▶ **Task input**
§ §

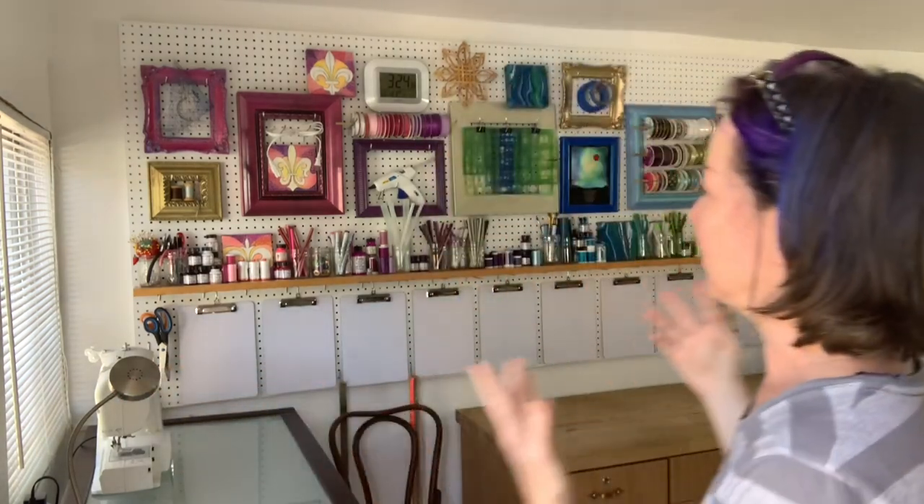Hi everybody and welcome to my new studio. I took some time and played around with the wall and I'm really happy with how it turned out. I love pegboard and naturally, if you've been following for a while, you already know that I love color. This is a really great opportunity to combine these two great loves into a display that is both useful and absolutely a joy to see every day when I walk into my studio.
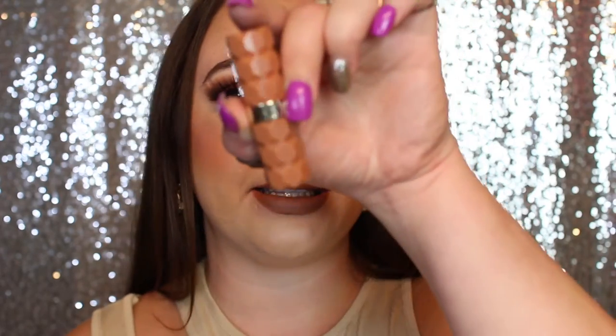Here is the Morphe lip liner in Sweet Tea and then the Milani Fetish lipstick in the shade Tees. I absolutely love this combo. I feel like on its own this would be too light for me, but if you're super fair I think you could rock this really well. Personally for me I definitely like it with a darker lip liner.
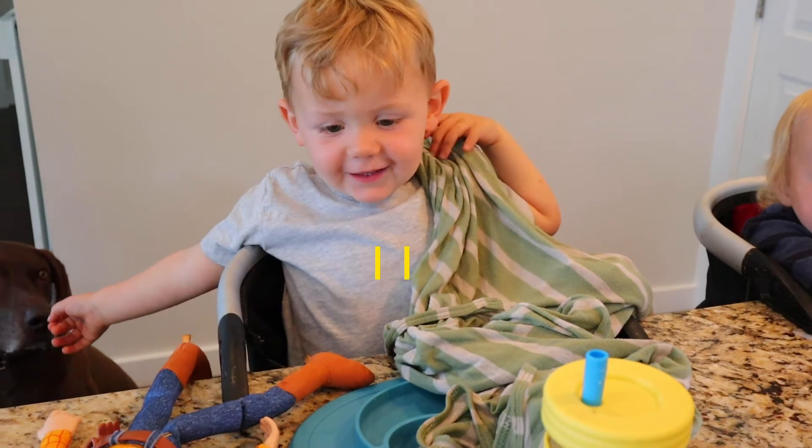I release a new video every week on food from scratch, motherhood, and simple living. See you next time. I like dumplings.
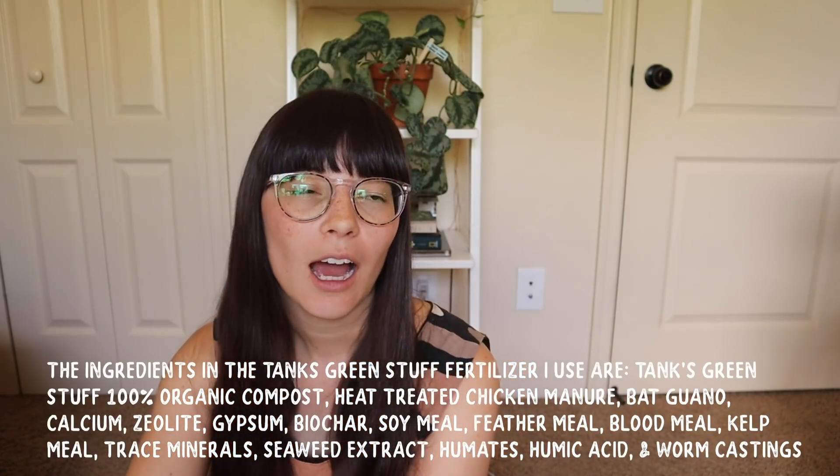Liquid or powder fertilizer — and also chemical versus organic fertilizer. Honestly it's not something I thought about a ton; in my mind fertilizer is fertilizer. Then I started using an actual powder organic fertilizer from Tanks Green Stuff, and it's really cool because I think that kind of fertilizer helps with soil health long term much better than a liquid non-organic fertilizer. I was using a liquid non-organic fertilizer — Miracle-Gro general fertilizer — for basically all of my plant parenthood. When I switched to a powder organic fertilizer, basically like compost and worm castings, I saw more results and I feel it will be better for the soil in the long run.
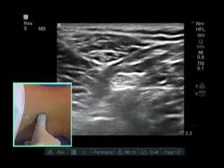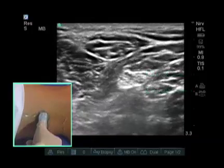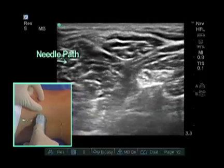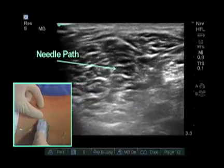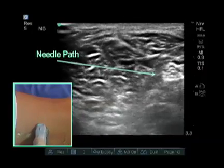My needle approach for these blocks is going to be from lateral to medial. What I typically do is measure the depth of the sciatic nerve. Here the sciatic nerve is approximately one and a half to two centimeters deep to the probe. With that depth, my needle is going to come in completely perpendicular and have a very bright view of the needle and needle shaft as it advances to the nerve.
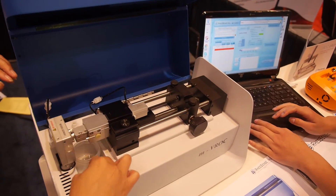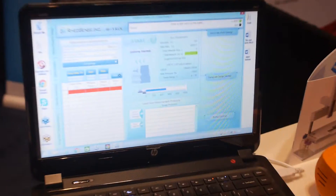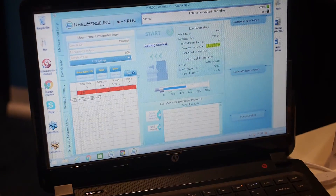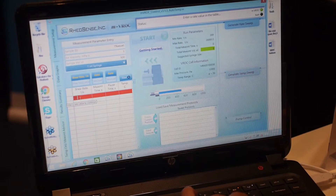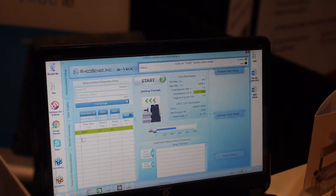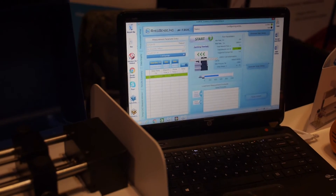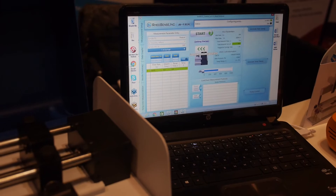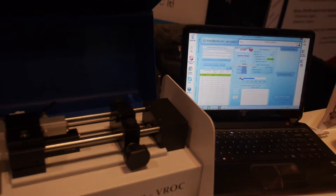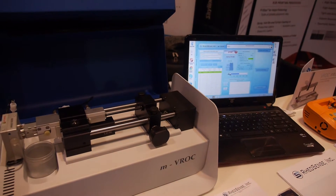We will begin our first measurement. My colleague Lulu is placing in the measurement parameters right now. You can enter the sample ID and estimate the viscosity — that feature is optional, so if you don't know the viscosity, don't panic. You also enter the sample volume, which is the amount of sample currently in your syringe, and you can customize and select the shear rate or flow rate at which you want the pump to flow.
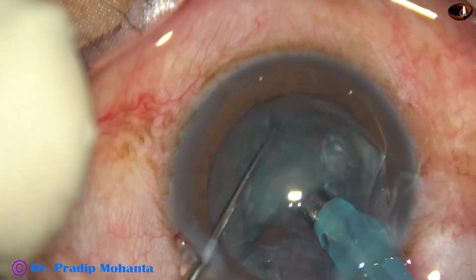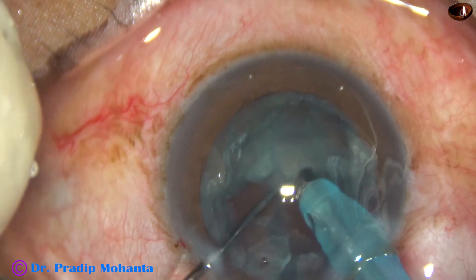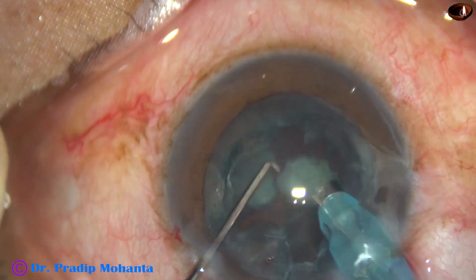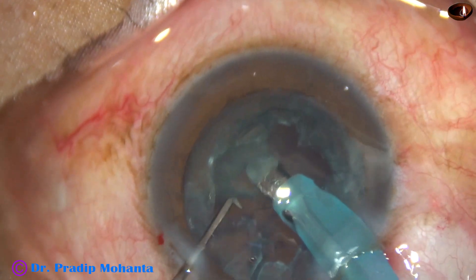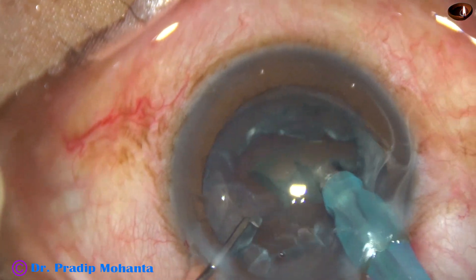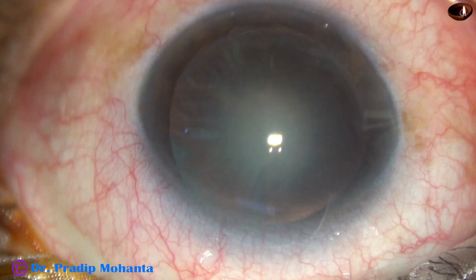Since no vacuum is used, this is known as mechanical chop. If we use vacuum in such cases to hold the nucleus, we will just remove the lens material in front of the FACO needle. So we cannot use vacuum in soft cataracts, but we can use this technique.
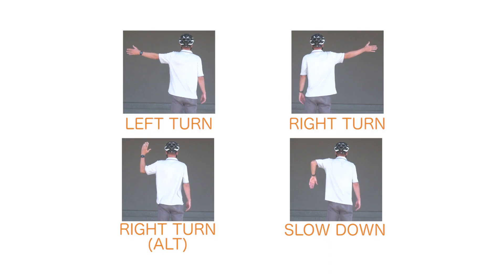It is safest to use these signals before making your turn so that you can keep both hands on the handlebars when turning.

§ §

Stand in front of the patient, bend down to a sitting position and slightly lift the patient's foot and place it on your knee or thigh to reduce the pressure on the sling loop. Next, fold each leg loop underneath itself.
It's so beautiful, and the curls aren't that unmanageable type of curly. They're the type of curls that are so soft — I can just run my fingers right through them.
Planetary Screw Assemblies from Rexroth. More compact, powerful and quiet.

§ §

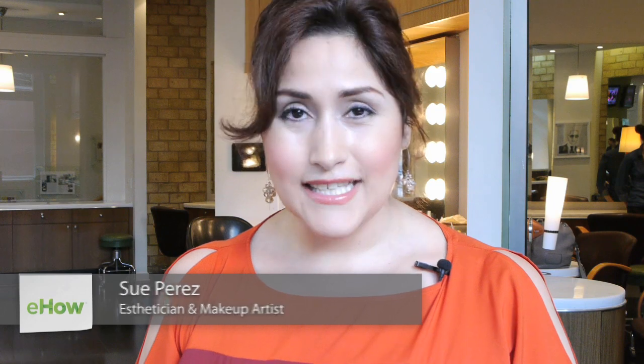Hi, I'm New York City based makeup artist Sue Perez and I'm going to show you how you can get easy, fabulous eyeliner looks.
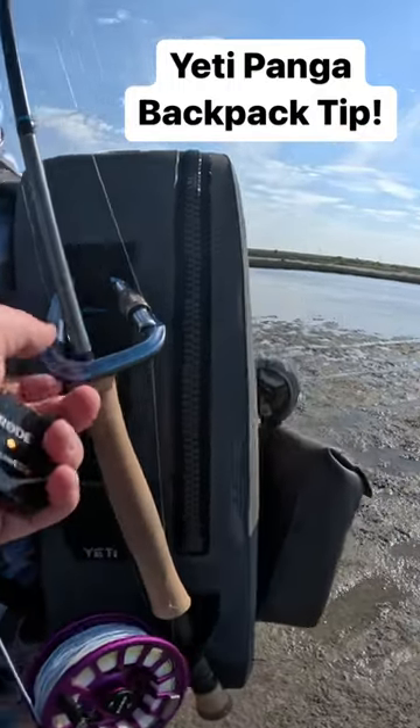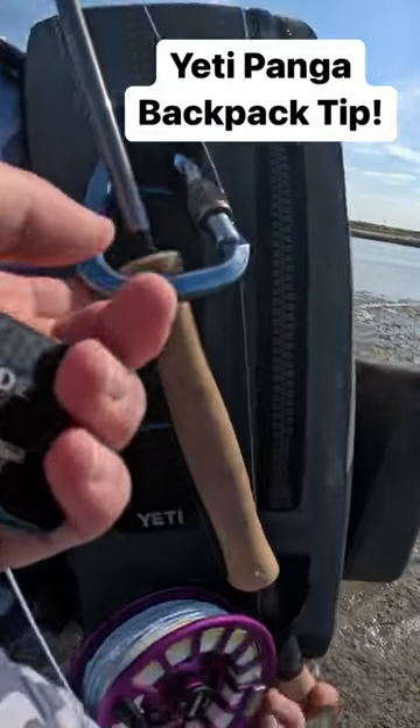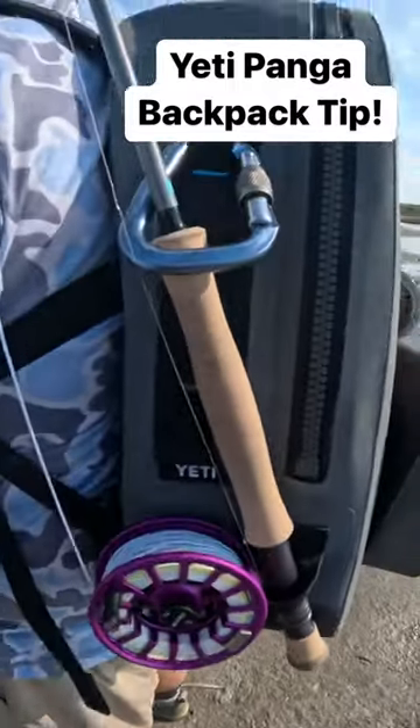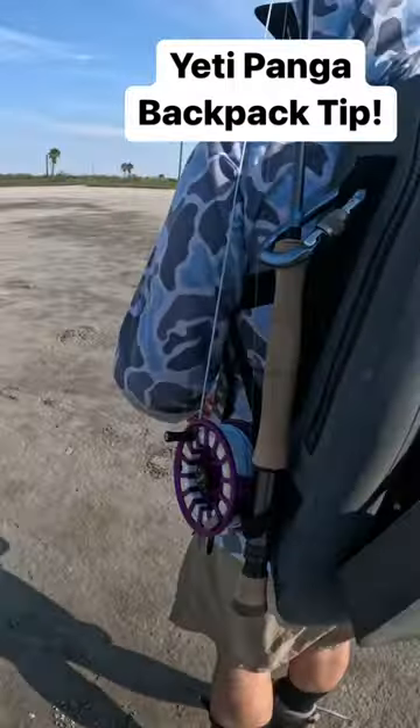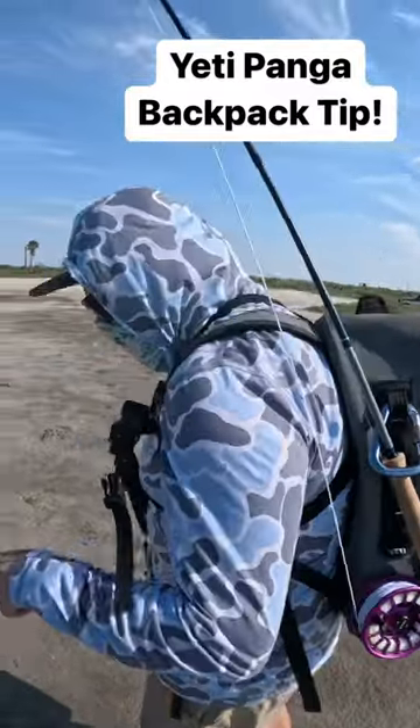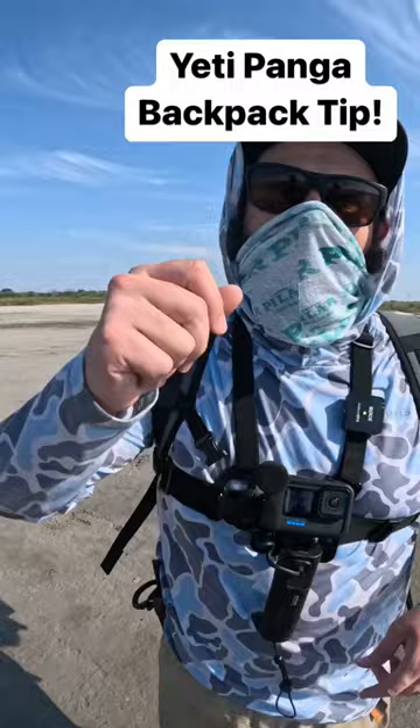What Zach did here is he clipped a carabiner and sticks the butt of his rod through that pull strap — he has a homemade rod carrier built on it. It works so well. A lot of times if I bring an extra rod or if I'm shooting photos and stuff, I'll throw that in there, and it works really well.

§ §

▶ **Task**
In the listing above, the required lines run from the line with "Hi, I'm New" through the line with "What Zach did". Output exactly those lines, omitting pictures.

▶ **Result**
Hi, I'm New York City based makeup artist Sue Perez and I'm going to show you how you can get easy, fabulous eyeliner looks.
What Zach did here is he clipped a carabiner and sticks the butt of his rod through that pull strap — he has a homemade rod carrier built on it. It works so well. A lot of times if I bring an extra rod or if I'm shooting photos and stuff, I'll throw that in there, and it works really well.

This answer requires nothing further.